Social media made a noisy entrance with the last Lok Sabha elections, which now is growing with entrants like Snapchat, a photo messaging application, where the photos shared are only available for 24 hours. Targeting the Indian market, the messaging application launched a beta test version in eight new languages, including five Indian languages — Marathi, Punjabi, Hindi, Urdu and Gujarati, last month.
“No one has time to sit through big speeches and videos, especially on social media. Our ideas is to send the candidate’s message through 15 and 30 second videos on Instagram and Snapchat to our target audience, which is the 18 to 35 age group,” said Khatry.

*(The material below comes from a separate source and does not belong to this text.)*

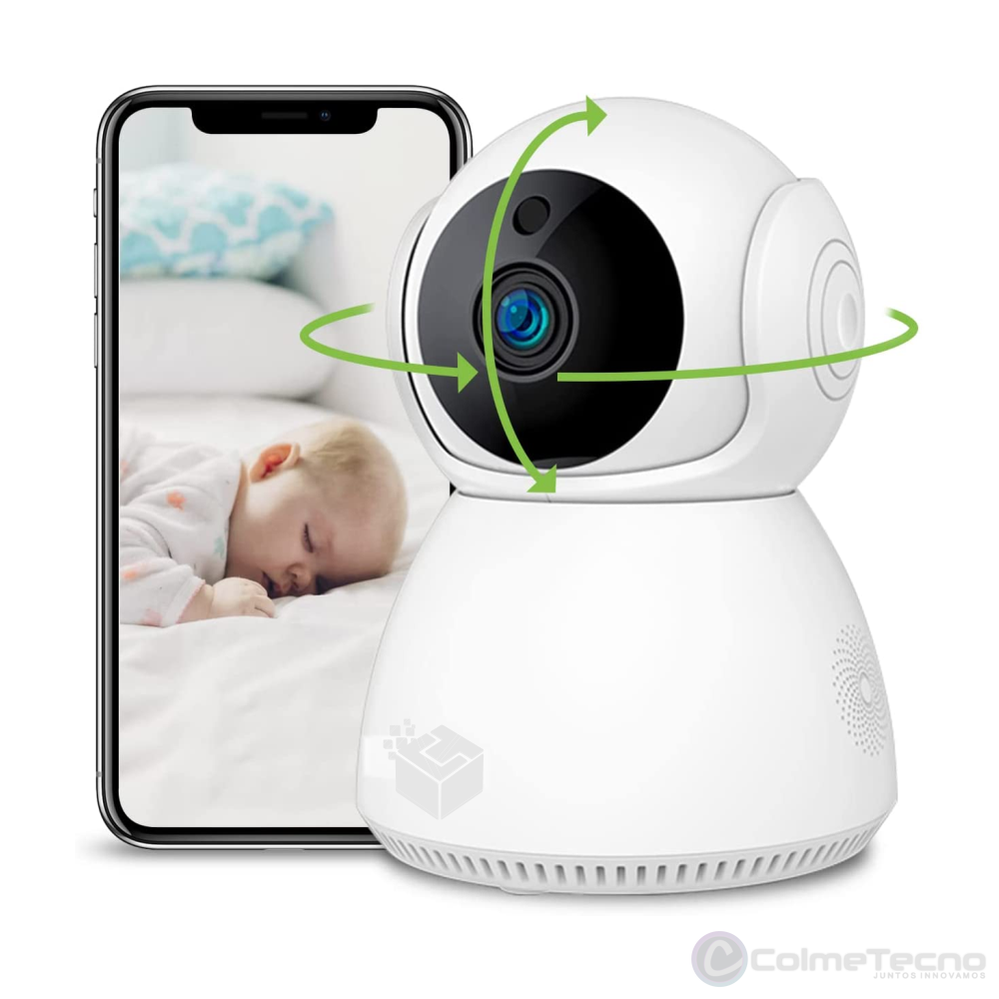 Monitor de bebé HD para interiores, 2,4G, 5G, Wifi, cámara de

Taking a cue from the famous New York photo blog and book of street portraits ‘Humans of New York’, Congress candidate from Mumbai South, Milind Deora, began ‘Humans of South Mumbai’ on his Instagram account, to give faces to issues like demonetisation and unemployment among others.

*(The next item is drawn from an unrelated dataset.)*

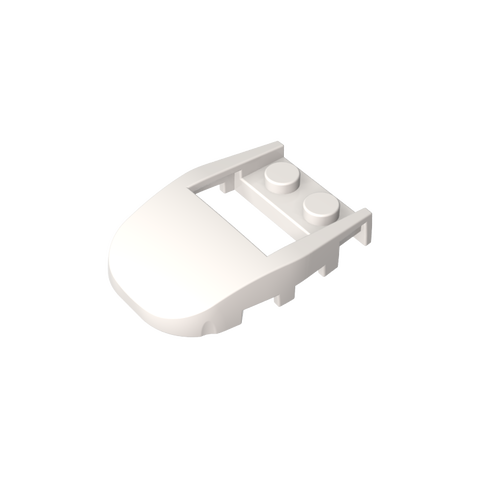 Gobricks,Wedge Curved 4 x 3 Cut Back with Cutout, Two Studs [Plain],50948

In an interactive session on Instagram, Deora asked the voters how many times, their current Sena MP Arvind Sawant visited them. To an immediate answer of not even once, Deora replied with a 30-second Instagram video story. On a busy day, the candidates upload 6 to 10 posts on Instagram and Facebook.

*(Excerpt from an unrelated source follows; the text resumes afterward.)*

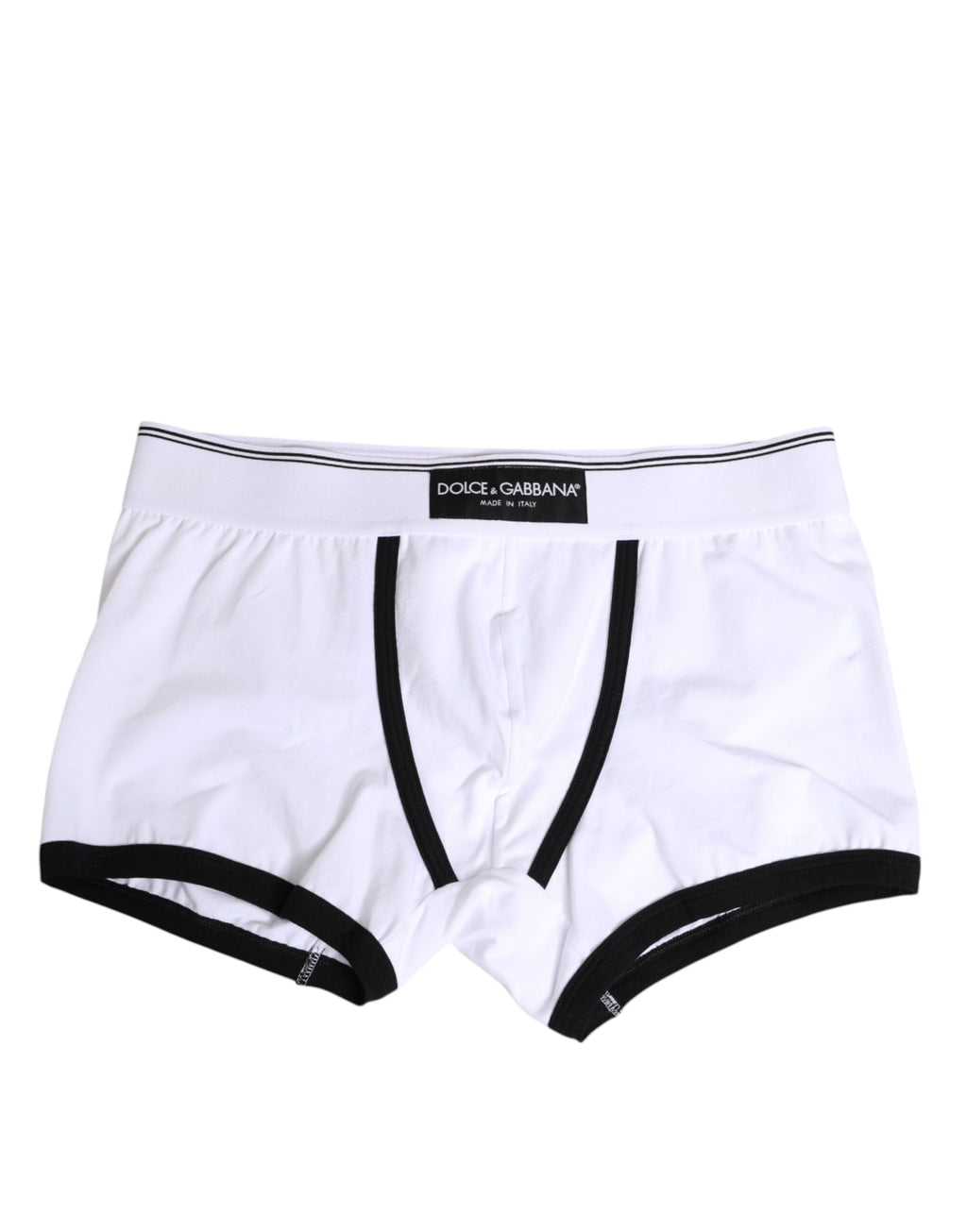 Dolce & Gabbana White Cotton Men Regular Boxer Underwear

“Those above 35 years have moved to Facebook and Twitter. The young population in Mumbai slums have smartphones and the teams are targeting them on the platform with small video clips and personalised messages that expire after 24 hours,” said Khatry.
While some are cashing on the reach of social media, others are using it to announce rally dates and venue in their constituency. Urmila Matondkar, Congress’ Mumbai North candidate, said: “Until now, I used my Instagram for personal use. But now, I am heavily using Twitter to post about my rallies… Our Prime Minister has brought this to our doorsteps that I may not be available to you personally, but I am available on Twitter. After this, I had to open my Twitter account.”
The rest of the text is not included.